Roy studied for her bachelor's degree at the Sriampore College of the Hooghly district. Roy was promised a job and monetary assistance after her performance at the National Open Meet by both, the Indian Railways and the State Government of West Bengal. However, it took Roy almost a year to get a job. Roy was approached by a few Kolkata-based companies to join them as a brand ambassador, but all the opportunities ended in nought. Roy had almost decided to quit the sport, between January 2011 and February 2012, when finally an opportunity came her way. Roy joined South Eastern Railways office in February 2012.

== Career ==
Roy trained under a coach Probir Chandra, who had first spotted Roy when she finished first at a school meet as a student of the third grade. Coach Chandra approached Roy's father to discuss her talent and took the full responsibility for her training. Roy became a member of the Bengal Athletic Team when she was in the fifth grade and she participated in the Nationals when she was in the sixth grade.

=== 2004-2006: School Games and Junior Nationals ===
Roy won four gold medals and was named the best athlete in the school games in 2004. Roy achieved the second position in the long jump as well as in the 100-meter dash at the Junior Nationals in 2006.

=== 2009: Indo-Bangla International Meet ===
Roy won the gold medal for the 100-meter dash at the Indo-Bangla International Meet.

=== 2010: University Meet ===
Roy won a silver medal at the University Meet.
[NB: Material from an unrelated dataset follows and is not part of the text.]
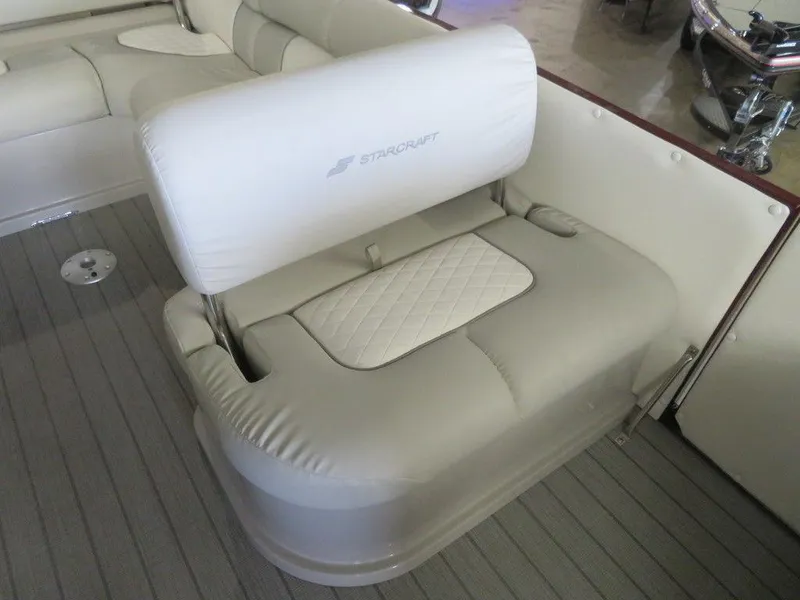 Slide: The Image of 2023 Starcraft SX 25 Q boat interior seating with white upholstery. - 17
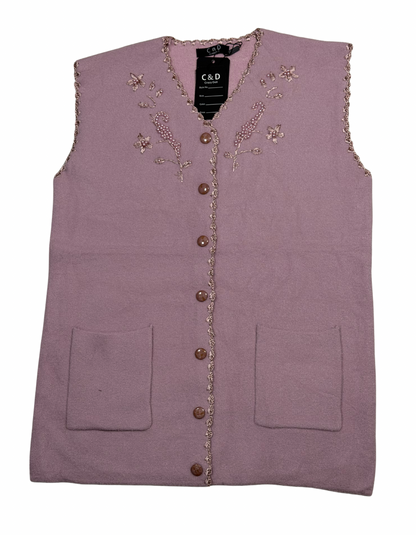 Cozy&Drape sleeveless wool cardigan in mauve with floral embroidery, button front, and two front pockets.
=== 2011: 51st National Open Athletics Championships ===
Roy participated in the 100-meter, 200-meter, and 4X100-meter Relay races at the 51st National Open Athletics Championships, hosted at the Yuva Bharti Krirangan, Kolkata. She bagged the gold medal for the 100-meter race, finishing in 11.85 seconds, and for the 200-meter race, finishing in 24.36 seconds. Roy also anchored the Bengal's 4 × 100 m relay team, bagging the silver medal with a timing of 47.49 seconds at the Championships. It was after her performance at the Open National Championship that her career took off.

=== 2013: Indian Grand Prix championship and 20th Asian Athletics Championships ===
Roy made her comeback by winning the gold medal for the 200-meter race in the second Indian Grand Prix Championship in Patiala. Roy also was able to improve her previous best of 24.33 seconds in the 200-meter race and set a new meet record, timing 24.23 seconds.

Roy went on to win the silver medal for 200m in the Asian Track and Field at the 20th Asian Athletics Championships in Pune on 7 July 2013. The West Bengal Athletic Association felicitated Roy on 17 July 2013 and awarded her with Rs. 50,000 and gifts from the State association.

=== 2015: Struggles and Injuries ===
Under the guidance of the Chief national coach in the sprinting, Tarun Saha, Asha Roy had been training to participate in Rio Olympics in the 200-meter race and represent the Railways. Roy was in the national preparatory camp for the Rio Olympics in Thiruvananthapuram when her waist injury became worse and she could no longer continue to train. Roy's condition began deteriorating after she began training at the Kolkata SAL campus, leading to her inability to perform at the Rio Olympics.